Introduction to Game Piece Detection (ML Vision)

AprilTags are placed at known field positions. Game pieces are not. Finding an orange ring on carpet, distinguishing it from a cone in a shadow, or tracking a ball through a crowd of robots requires a different approach — machine learning. This lesson introduces neural network object detection and shows how to wire its output into autonomous decision-making.

By the end of this lesson, you will:

Explain the conceptual difference between rule-based detection (AprilTags) and learned detection (ML/neural networks)
Describe what a bounding box, class label, and confidence score represent in an object detection result
Outline the steps to train a custom model with Roboflow: collect images, annotate, train, export, deploy
Load and use a PhotonVision ML pipeline to detect game pieces and read detection results in Java
Convert a bounding box center pixel position to a horizontal angle (yaw) using camera calibration geometry
Build a simple autonomous "aim at game piece" behavior using ML detection output

Why Rule-Based Detection Fails for Game Pieces

AprilTags are engineered for detection. Their black-and-white high-contrast pattern is specifically designed to be unambiguously detected under varied lighting and at distance. The detection algorithm is deterministic — the same tag always produces the same result from the same angle, because the tag is a known mathematical pattern.

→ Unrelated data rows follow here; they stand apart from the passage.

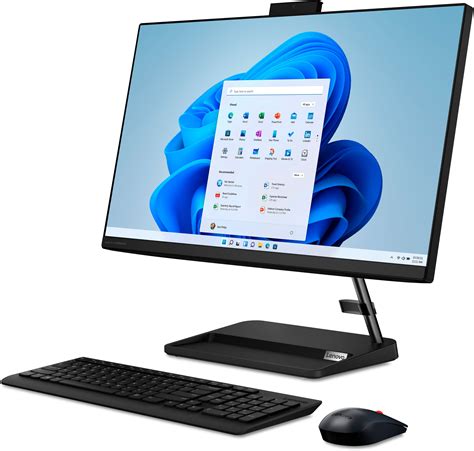 Best Buy Lenovo IdeaCentre AIO 3 AMD 24 All In One AMD Ryzen 5 8GB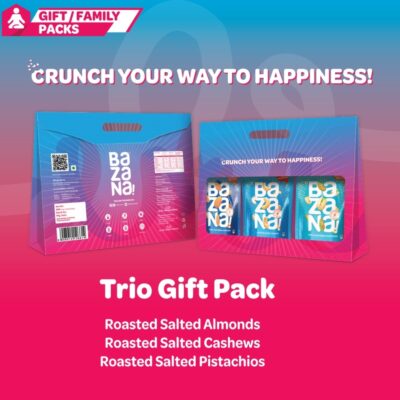 Bazana Trio Gift Pack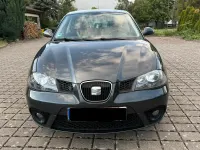 Gebraucht Seat Ibiza 86 PS (63 kW) 2009 Grau Kleinwagen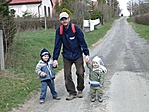 Fiaimmal Orfűn ládázunk... Fiaimmal Orfűn ládázunk...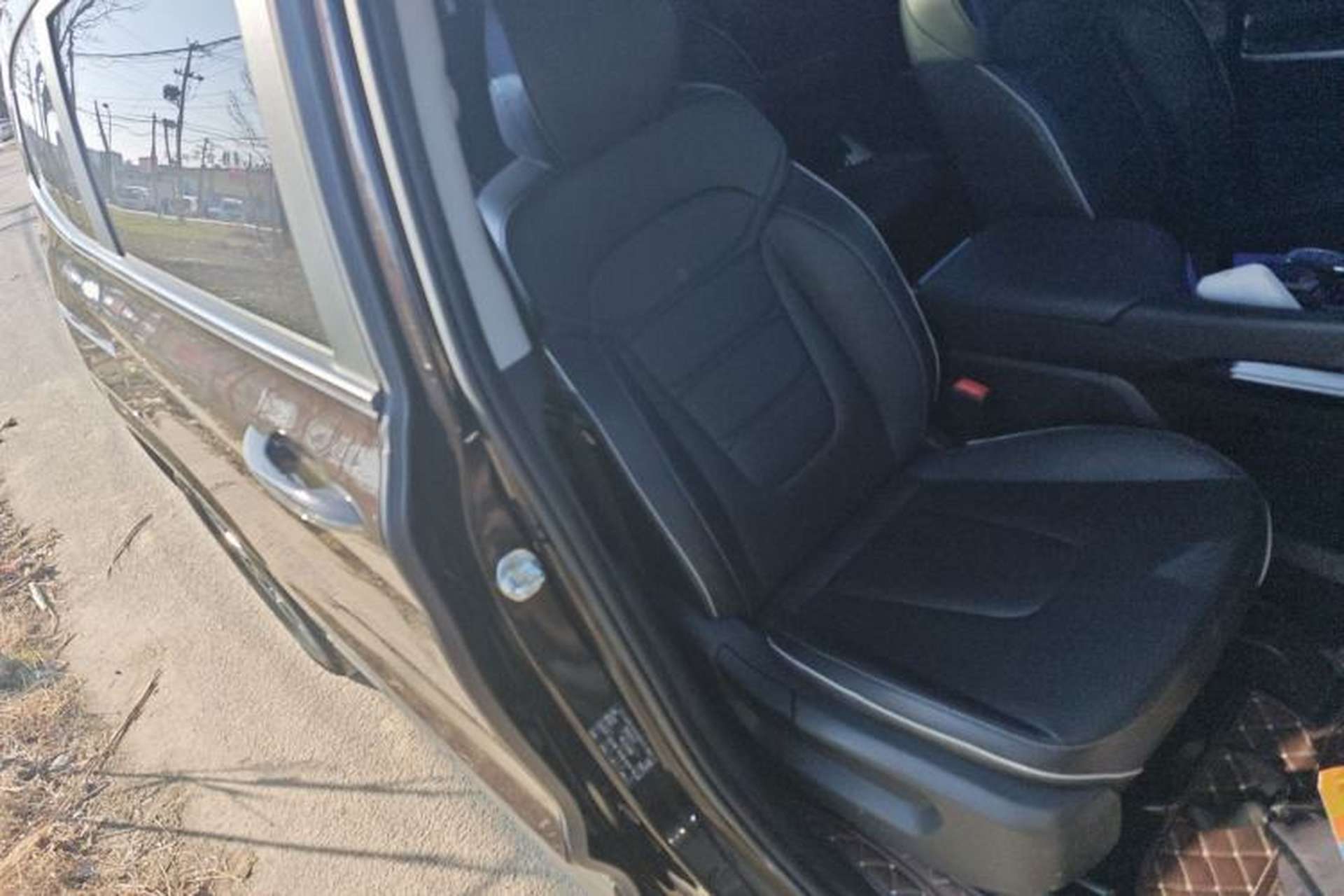 Used Hyundai Custo 2021 270TGDi Prestige LUX Right Front Seat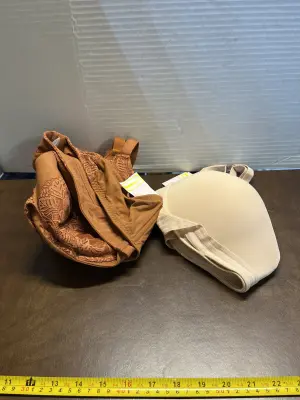 2ct large bras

Game pieces are not engineered for detection. An orange ring looks different depending on lighting (overhead fluorescent vs. direct sunlight from skylights), viewing angle (face-on vs. edge-on), distance (full detail vs. a few pixels), and whether it's partially behind a field element, another robot, or in shadow. A rule-based approach — "find orange pixels above a brightness threshold" — breaks under exactly these real-competition conditions. Shadows make orange look brown. Jerseys in the crowd have orange. The robot's own mechanism, if orange, triggers false detections.

Machine learning object detection — specifically neural network models trained on hundreds or thousands of labeled examples — learns the appearance of the game piece across all these variations. The model doesn't look for "orange pixels"; it has internalized what a ring looks like from experience with real images, and it produces a confidence-weighted answer for every region of the frame.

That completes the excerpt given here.